The Ventura Raceway
—A Special Venue for Our Tribe

By Rosie McGee

By the time I flew to LA to attend my first Ventura Grateful Dead shows the weekend of July 13-14, 1985, the Raceway was already well-known as a favorite venue for both the band and the audiences. I was excited, anticipating stellar shows and a ton of fun, and admittedly curious about Ventura’s vaunted allure.

The night before the first show, Dan Healy approached me at the hotel and asked me to go to the venue with him early the next morning, and to bring my camera. He’d been working on an educational presentation he hoped to deliver at universities, and he was missing some key photos of the P.A. and its setup. While Dan’s project didn’t come to fruition, I did that day have the privilege of unfettered access to take photos during the early-morning load-in and setup.

Being somewhat of a technology geek myself, I enjoyed getting up close and personal with the gear that morning without having to endure “that look” from members of the crew.

Front of stage monitor amp rack

Back of monitor console and amp rack

Monitor mixer Harry Popick

Once the show started, I reverted to shooting the kinds of photos for which I later became best known – candid and intimate portraits.

And then, it happened.

I was standing just offstage, looking out at the audience as the band played on, and I GOT IT. Or more precisely, the allure of Ventura got through to me!

I’d been standing in the warm sun, feeling the ocean breeze that rustled the palm trees, and watching the sea of dancers kicking up the dirt together in blissful unison. I couldn’t see anyone that wasn’t smiling. I turned my head to look over at the band, and with a sharp intake of breath, felt myself tumbling back to identical moments in the Panhandle, in Golden Gate Park, at the Frost, or at the Greek, some or many years earlier.

In that moment, I was compelled to put the camera away and join the dance, as I had done so many times in the past.

The Ventura Raceway was, and still is, one of those treasured small outdoor venues where our tribal traditions exist outside of time; where we can experience the feelings of true freedom, seek the transcendence of formless dance, and openly treat our neighbors with kindness and love; and where the bands – the Grateful Dead and those who came after – can soar.

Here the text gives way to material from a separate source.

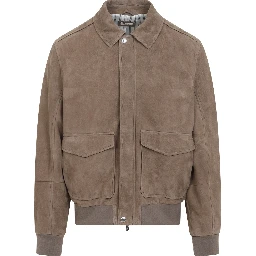 Brunello Cucinelli Leather Bomber Jacket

We’re a vast tribe, widespread far beyond the numbers the Raceway can hold. But here in Ventura, we can represent the whole of it by providing its color, its whimsy, its soul, and our joy of gathering to celebrate our music, our community, and our ideals.

It’s always been my pleasure to capture the details that show whose freak flags are flying high. I can’t wait to do it again at Skull & Roses V!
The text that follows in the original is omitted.